Marketing company in the United States

KS&R is a nationally recognized strategic consultancy and marketing research firm specializing in Business Services, Entercom & Recreation, Healthcare, Retail & E-Commerce, Technology, and Transportation & Logistics.

The Firm is privately held and headquartered in Syracuse, New York. KS&R serves clients globally in more than 100 countries and in over 50 languages.

== History ==
KS&R was founded in 1983 as a spin-off of the Syracuse Research Corporation (SRC), a not-for-profit corporation. In 1985, KS&R began operating INSITE, an in-house contact center for survey research with 110 desks.
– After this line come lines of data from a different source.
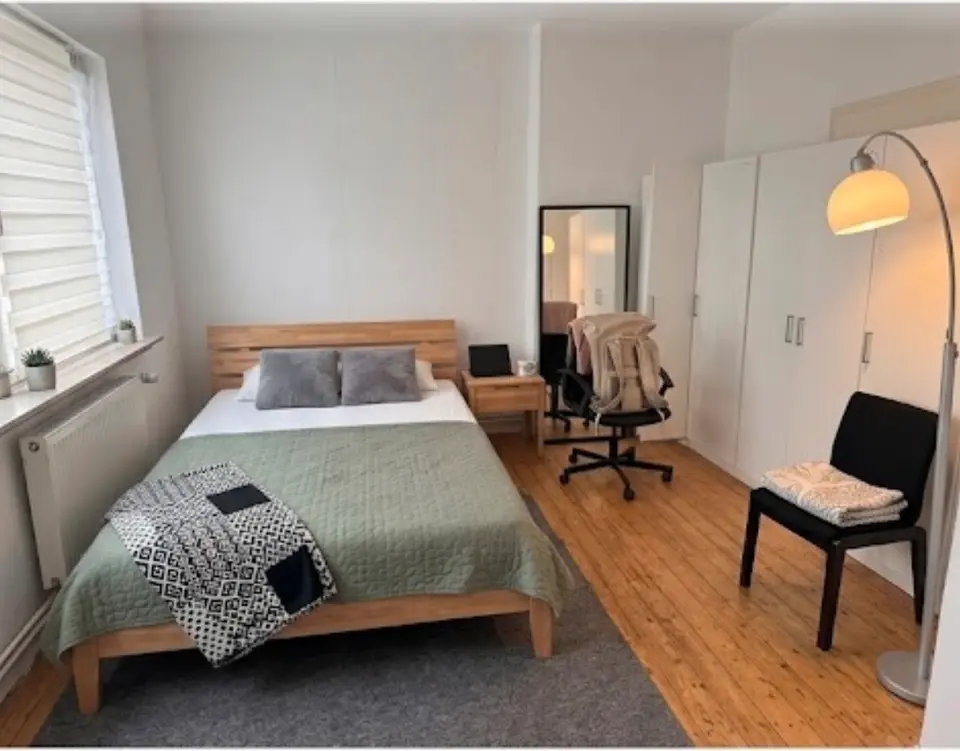 WG-Zimmer mit 38 m² in Bremen – Bild 1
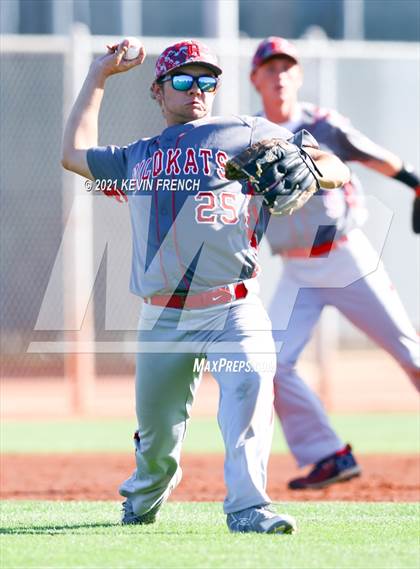 Thumbnail 1 in Duncan @ Superior (AIA 1A Round 1 Playoff) photogallery.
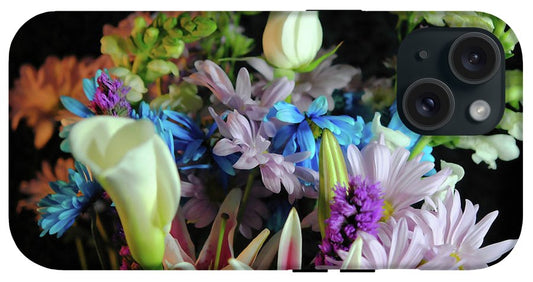 Flowers 292 - Phone Case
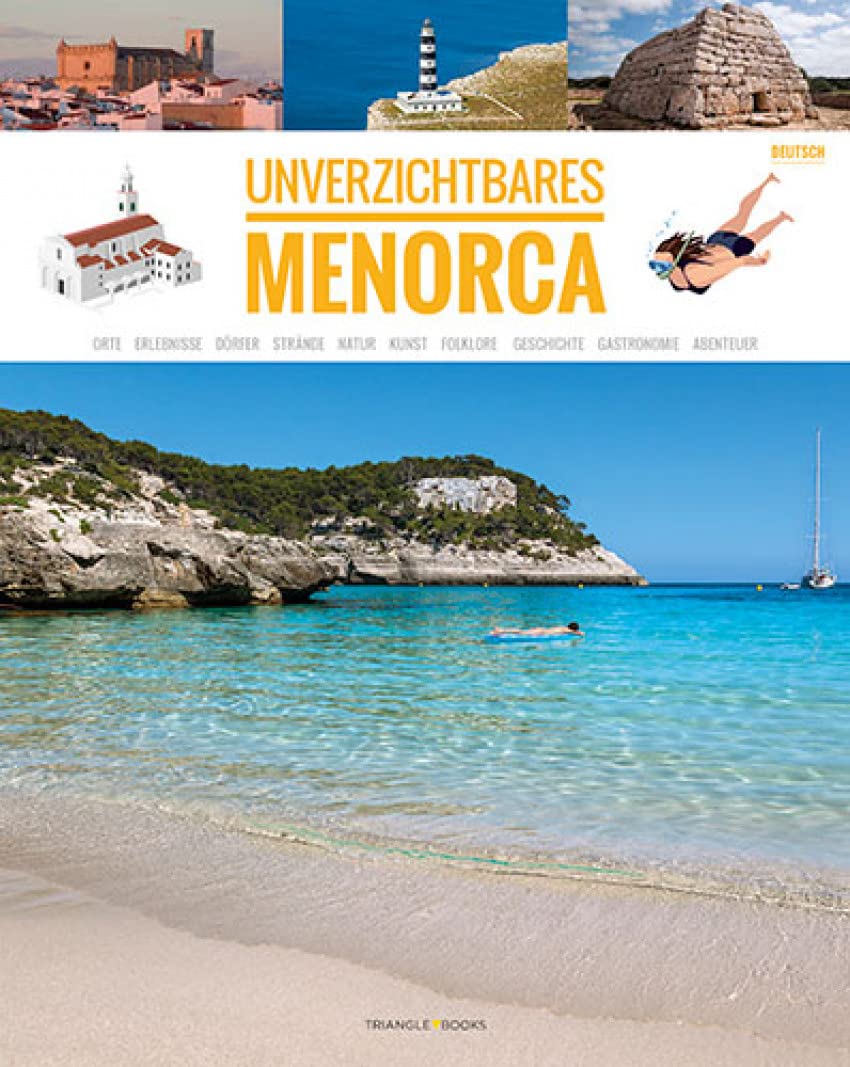Menorca : unbedingt Leisure, Home & Garden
According to Marketing News magazine, since 2007 KS&R has been among the 50 largest market research firms, listed by revenue generated in the U.S. In 2012 the company was named the number one market research firm in the country for customer satisfaction by the Survey of Market Research Supplier Quality and Value by Prevision Corporation and Inside Research.

KS&R offers strategic consulting, brand building, and market sensing. Recently, KS&R has expanded its knowledge base with its new Experience Lab known as Tumble and Buyer Persona Institute (BPI), a division of KS&R that was founded in 2010 to give B2B companies insight into what their prospective customers need to know and experience before they will buy.